[Opening PROVIDED DATA section]

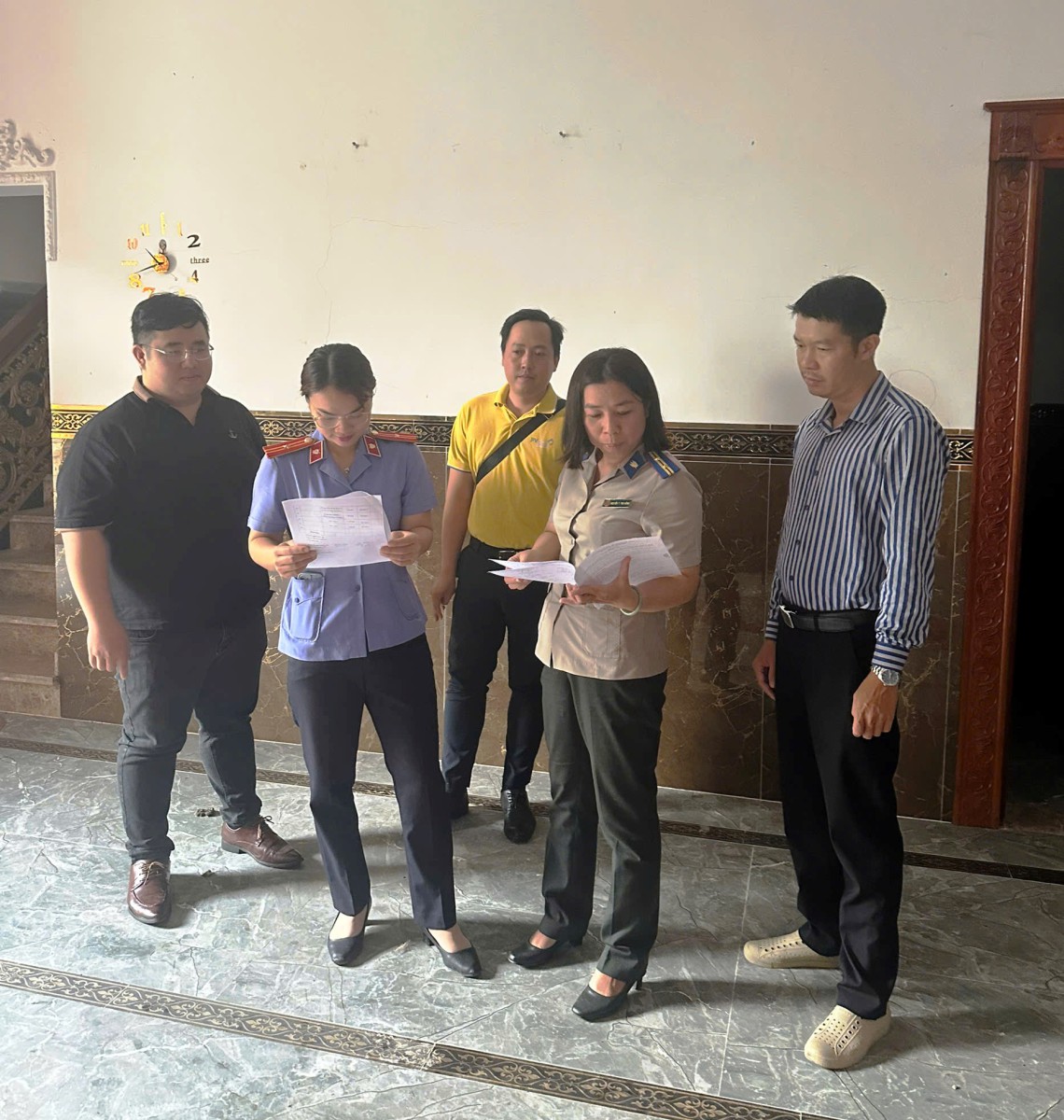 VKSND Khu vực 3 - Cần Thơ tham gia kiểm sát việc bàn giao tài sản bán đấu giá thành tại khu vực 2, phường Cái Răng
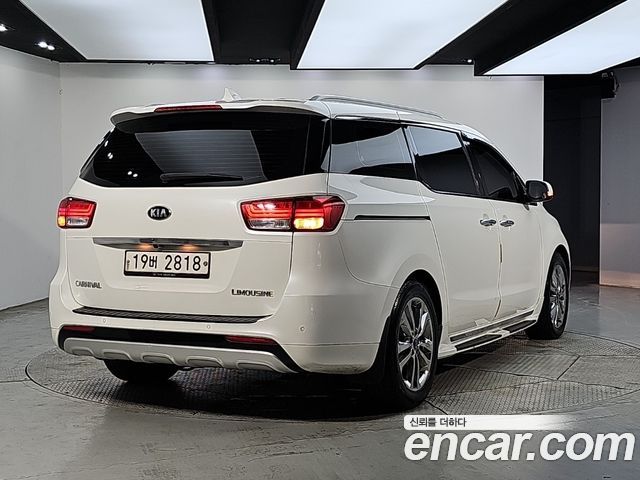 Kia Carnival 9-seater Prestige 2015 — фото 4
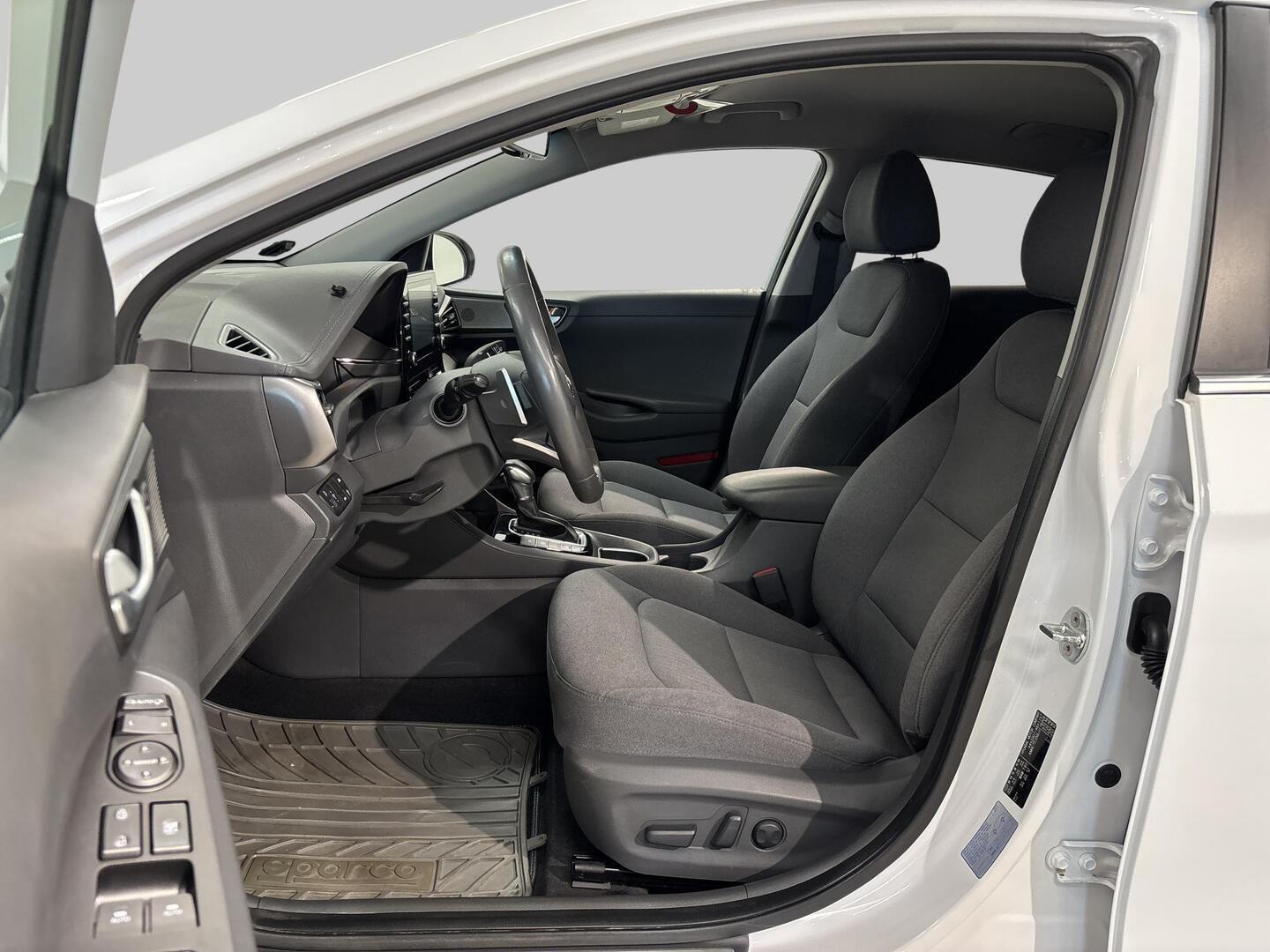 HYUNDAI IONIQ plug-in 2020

[Closing PROVIDED DATA section]

# TASK STATEMENT:
Skipping the pictures, transcribe each line above exactly as it appears.

# RESPONSE FOR THIS EXERCISE:
 VKSND Khu vực 3 - Cần Thơ tham gia kiểm sát việc bàn giao tài sản bán đấu giá thành tại khu vực 2, phường Cái Răng
 Kia Carnival 9-seater Prestige 2015 — фото 4
 HYUNDAI IONIQ plug-in 2020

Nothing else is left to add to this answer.